It had appeared that political discussion over preserving public access to the rail corridor from Spallumcheen to Sicamous was completely sidelined. However, the issue is back on the table thanks to the Splatsin.
The Enderby area First Nation is showing great leadership by calling on all local jurisdictions to meet in the new year to determine how to acquire the abandoned rail line from Canadian Pacific and what the best long-term use of the property is.
“We are for working together collaboratively. We all have an interest and want to do what’s right,” said Wayne Christian, Splatsin chief.

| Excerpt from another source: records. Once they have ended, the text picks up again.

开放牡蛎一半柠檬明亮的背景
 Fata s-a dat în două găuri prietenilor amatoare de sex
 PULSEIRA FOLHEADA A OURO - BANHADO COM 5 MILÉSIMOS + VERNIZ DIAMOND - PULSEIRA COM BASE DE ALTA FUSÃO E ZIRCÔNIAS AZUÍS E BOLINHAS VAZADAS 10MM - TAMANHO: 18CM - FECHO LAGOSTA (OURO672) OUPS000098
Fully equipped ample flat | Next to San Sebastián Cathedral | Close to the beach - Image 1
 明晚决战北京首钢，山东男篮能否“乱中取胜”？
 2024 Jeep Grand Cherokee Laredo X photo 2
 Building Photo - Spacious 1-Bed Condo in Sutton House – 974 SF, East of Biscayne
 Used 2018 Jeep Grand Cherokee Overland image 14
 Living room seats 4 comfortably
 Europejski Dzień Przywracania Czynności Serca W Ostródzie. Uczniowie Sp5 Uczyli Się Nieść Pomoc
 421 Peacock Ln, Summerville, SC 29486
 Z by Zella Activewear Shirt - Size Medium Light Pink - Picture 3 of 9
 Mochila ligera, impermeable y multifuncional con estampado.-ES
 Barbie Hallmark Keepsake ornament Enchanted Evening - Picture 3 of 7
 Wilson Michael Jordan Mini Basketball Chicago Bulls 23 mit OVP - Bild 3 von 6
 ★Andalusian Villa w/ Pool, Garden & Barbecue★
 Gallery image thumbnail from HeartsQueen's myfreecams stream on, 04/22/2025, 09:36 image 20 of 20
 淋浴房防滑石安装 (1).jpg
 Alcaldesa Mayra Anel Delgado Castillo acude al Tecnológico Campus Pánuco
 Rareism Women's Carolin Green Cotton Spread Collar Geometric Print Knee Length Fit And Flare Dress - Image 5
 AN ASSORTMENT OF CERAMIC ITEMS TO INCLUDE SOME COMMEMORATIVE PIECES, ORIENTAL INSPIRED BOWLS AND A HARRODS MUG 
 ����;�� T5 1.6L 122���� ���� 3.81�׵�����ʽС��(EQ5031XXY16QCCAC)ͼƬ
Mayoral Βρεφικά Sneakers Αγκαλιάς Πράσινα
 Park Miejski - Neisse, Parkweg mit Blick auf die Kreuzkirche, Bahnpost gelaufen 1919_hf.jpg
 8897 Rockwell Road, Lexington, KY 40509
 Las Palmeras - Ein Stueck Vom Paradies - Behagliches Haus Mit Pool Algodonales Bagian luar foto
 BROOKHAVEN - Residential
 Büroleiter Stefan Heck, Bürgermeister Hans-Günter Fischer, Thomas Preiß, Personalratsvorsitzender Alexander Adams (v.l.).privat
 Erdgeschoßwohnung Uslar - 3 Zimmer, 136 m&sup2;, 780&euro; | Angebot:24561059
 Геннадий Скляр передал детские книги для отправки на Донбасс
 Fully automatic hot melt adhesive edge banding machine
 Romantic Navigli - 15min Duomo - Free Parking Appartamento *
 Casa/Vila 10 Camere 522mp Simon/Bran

The Splatsin have partly become a catalyst because the band recently obtained 20 acres of the rail line through legal action against CP and the federal government. But beyond that, the Splatsin see a number of opportunities that could arise if there is public control over the entire length of the old rail bed.
“It’s important that it be maintained as a transportation corridor,” said Christian.
Among the possible options are addressing congestion on parts of Highway 97A and developing a recreational trail that would attract tourists and bolster the local economy.
Yes, it will take a major financial investment from municipalities and regional districts to purchase their portion of the corridor from CP, and the ultimate price tag may ultimately bring the process to a halt. However, unless all players are at the table and open to discussions, the vision of a public link from the North Okanagan to the Shuswap will never materialize.
The Splatsin deserve praise for bringing the issue back to the table.